Local businessman Gary Pesso has been in the valley since 1979 and competed on the Pro Mogul Tour.
"When they opened Prima Cornice, it was like candy for us. We skied there quite a bit," Pesso said.
Pesso skis Prima Cornice so often that his friends call the chute PCP, Prima Cornice Pesso. He said he has made a climb similar to the one Taft Conlin made that day "numerous times."
Ski patrollers intended to close that part of Prima Cornice that day so patrollers could blast it for avalanche mitigation, either Sunday night after the lifts closed or Monday morning before they opened, Heckbert said.
But they didn't, he said, and Taft Conlin died.
"They knew it was happening, and they did nothing about it," Heckbert said. "Vail Resorts broke the law."
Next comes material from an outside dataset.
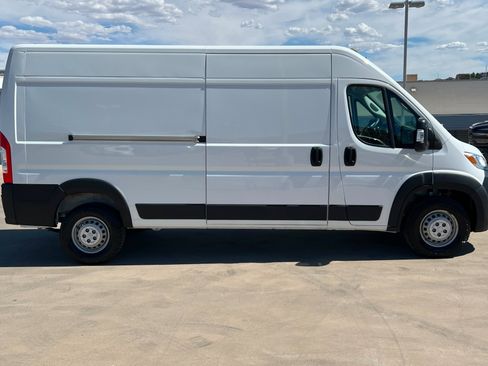 Used 2024 RAM ProMaster 2500 w/ Convenience Group FWD image 6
Vail Resorts ski patrollers will testify that they have never heard of anyone climbing Prima Cornice, and skiers will testify that they never did it when the Vail Ski Patrol was around, said Hugh Gottschalk, Vail Resorts' lead attorney.
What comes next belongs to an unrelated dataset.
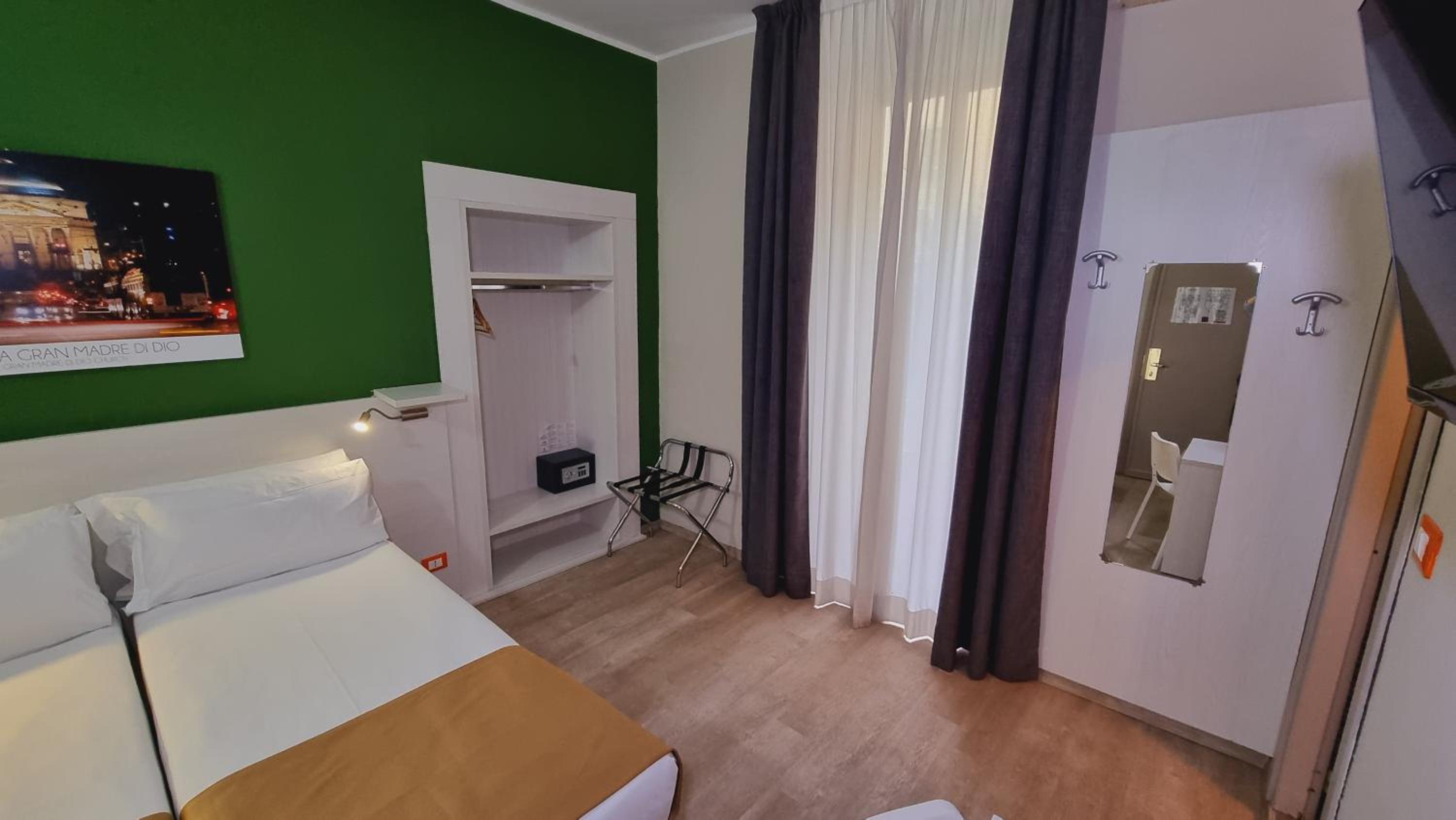 Twin Room - Photo 5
Ski patrollers decide what's open and closed, based on the conditions on the ground, Gottschalk said.
The way Vail Ski Patrol manages terrain, if you enter a gate, then you can ski any terrain you can get to by going downhill, following gravity. If you can access an area with gravity, then it's open. If you cannot, then it's not, Gottschalk said.
"Vail has always used that guideline," Gottschalk said.
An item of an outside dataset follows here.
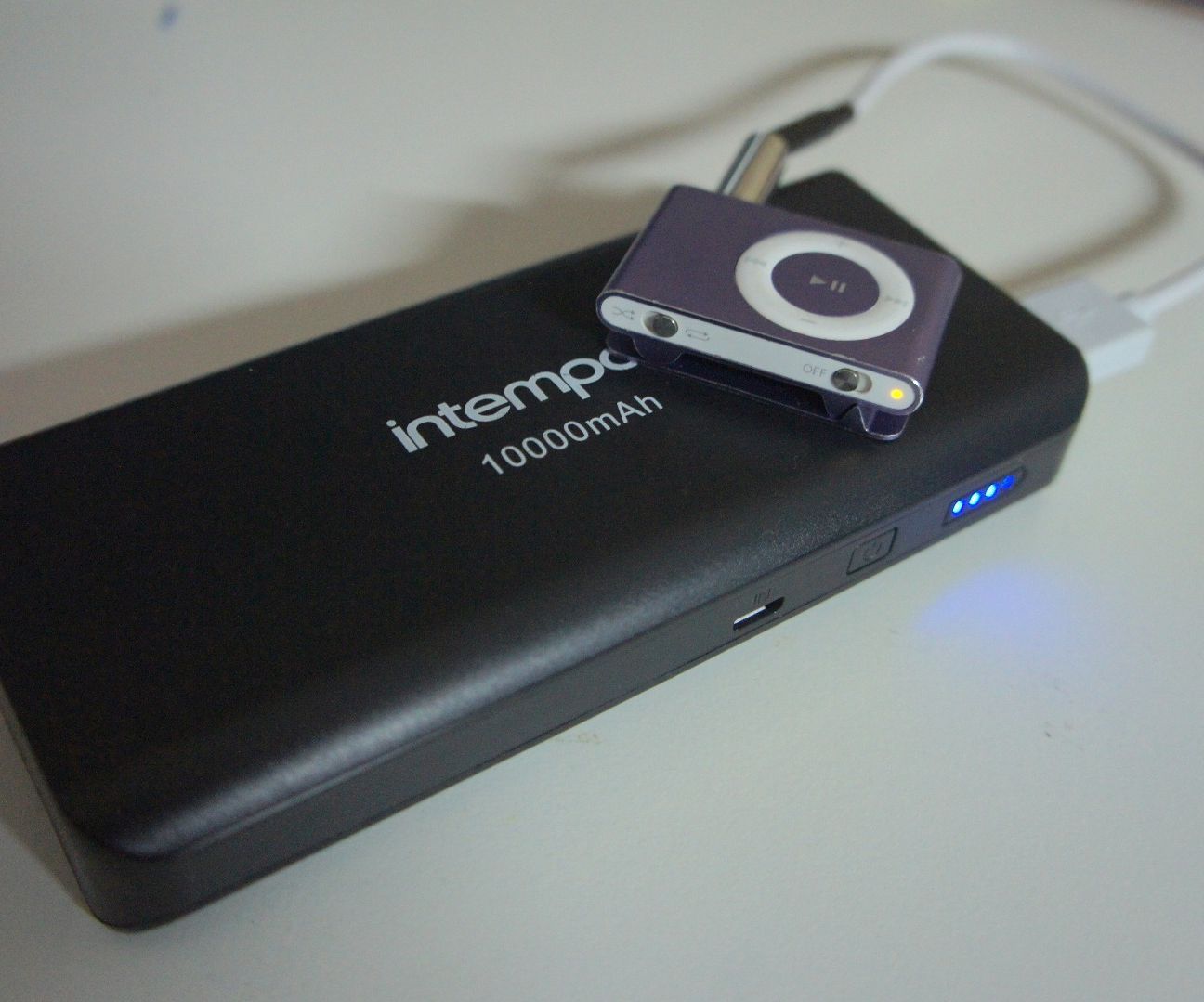 Charge an iPod Shuffle (G2) with a USB Power Bank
An expert witness will testify on Vail Resorts' behalf that the upper part of Prima Cornice was closed because "skiing is a downhill sport," Gottschalk said.
"They wanted to leave the lower gate open so skiers could ski the lower portion of Prima Cornice," Gottschalk said.
"Taft Conlin … climbed up the equivalent of a 10-story building," Gottschalk said.
On the day the avalanche killed him, Taft Conlin was planning to ski Beaver Creek with his dad and uncle. That season, 2011-12, was the first year the 13-year-old Taft Conlin would be allowed to ski with his friends and without his parents or family. Taft Conlin received a message that some of his friends were skiing Vail, and he asked if he could join them. He boarded a bus from Beaver Creek to Vail and connected with two of his friends, Heckbert said.
Taft Conlin's rules were clear: Use common sense, stay in contact with his parents, don't ski out of bounds or you lose your pass, Heckbert said.
They skied that morning, and after lunch, they connected with two more friends. They made a couple of Chair 4 runs and headed back to Prima Cornice, Heckbert said.
They stopped to look up and saw a huge flurry of snow. One of the boys in the group was swept off a rock. They quickly made their way to him — it was another of their friends, not Conlin. He stood up, his face bloody from the pummeling, Heckbert said.
Then everything slid.
They tried to find Conlin, working their way down the mountain. They found him, his legs sticking out of the snow against a tree. The avalanche pounding his chest had killed him, the Eagle County coroner said.
Gottschalk told the jury that one of the boys with Conlin will testify that he opted not to sidestep up the run because it felt like coming to the front of a house that you're not supposed to be in and then going around to the back of the house and entering anyway, Gottschalk said.
The civil trial continues for up to three weeks before District Court Judge Fred Gannett.